Grafana Partnership and LLM Observability Dashboard: We've partnered with Grafana and contributed to the development of the Pulze LLM Application Overview Dashboard. This tool offers an out-of-the-box solution for monitoring LLM applications. It provides a holistic view of model requests, costs broken down by custom labels, and troubleshooting capabilities—all within a single, comprehensive dashboard.
Unified Model Responses and Provider Price Incorporation: Our efforts have been focused on unifying model responses and seamlessly integrating price changes from various providers. This innovation significantly reduces time spent on model integration and switching between providers. Our users can now quickly incorporate new models through our fully qualified model path, maintaining a consistent response format, thereby addressing model lock-in challenges and saving valuable time.
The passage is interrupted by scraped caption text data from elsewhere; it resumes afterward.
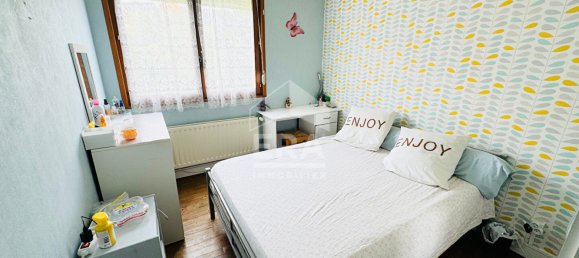 Casa T4 em Wimille, France N.º 45823 6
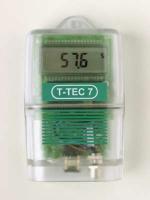 TTec71CLarge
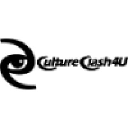 cultureclash4u.com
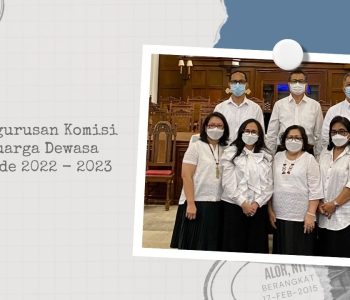 Kepengurusan_Komisi_KKD PengurusKKD_2022_2023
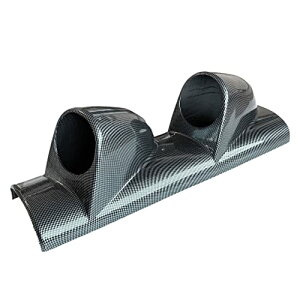 yzyStork Corpz 2A s[ ǉ [^[ pl  nh p 60 ėp J[{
Prompt Engineering: Our dedication to empowering users reached new heights with the introduction of prompt templating. This feature allowed users to tailor their interactions, customizing prompts to meet specific needs and extract optimal results.
Team: Behind these accomplishments stands our dedicated team, whose collective efforts and expertise have been instrumental in driving our platform's success. Their commitment to innovation and excellence has fueled our journey throughout the year and we've been growing a diverse team from all over the world.
Conferences: Our engagement in key conferences throughout the year has not only showcased our advancements but also provided valuable opportunities for learning and collaboration within the broader AI community. These conferences have been integral to our growth and the exchange of ideas that shape the future of our platform. Highlights include Observability Con in London by Grafana Labs and MLOps World in Austin.
Future Outlook
As we turn our gaze to 2024, the generative AI landscape appears poised for further evolution. Anticipated developments include enhanced model capabilities, broader industry adoption, and a continued focus on addressing ethical considerations. Emerging trends, such as the convergence of generative models with other AI technologies, promise to shape the trajectory of the field in the coming years. Challenges, too, are expected, requiring a collective effort from the community to navigate the complexities of this dynamic field. Stay tuned for our next blog in terms of what we expect to happen in more detail in 2024.
Conclusion
The year 2023 has been a remarkable chapter in the story of Pulze and generative AI. From breakthroughs in models to widespread industry adoption, the impact of generative AI has been felt across diverse domains. As we reflect on the past year, it becomes evident that the journey of generative AI is far from over. With a commitment to responsible development and an eye towards the future, the generative AI community is poised to unlock new possibilities and shape the next chapter in this exciting technological narrative.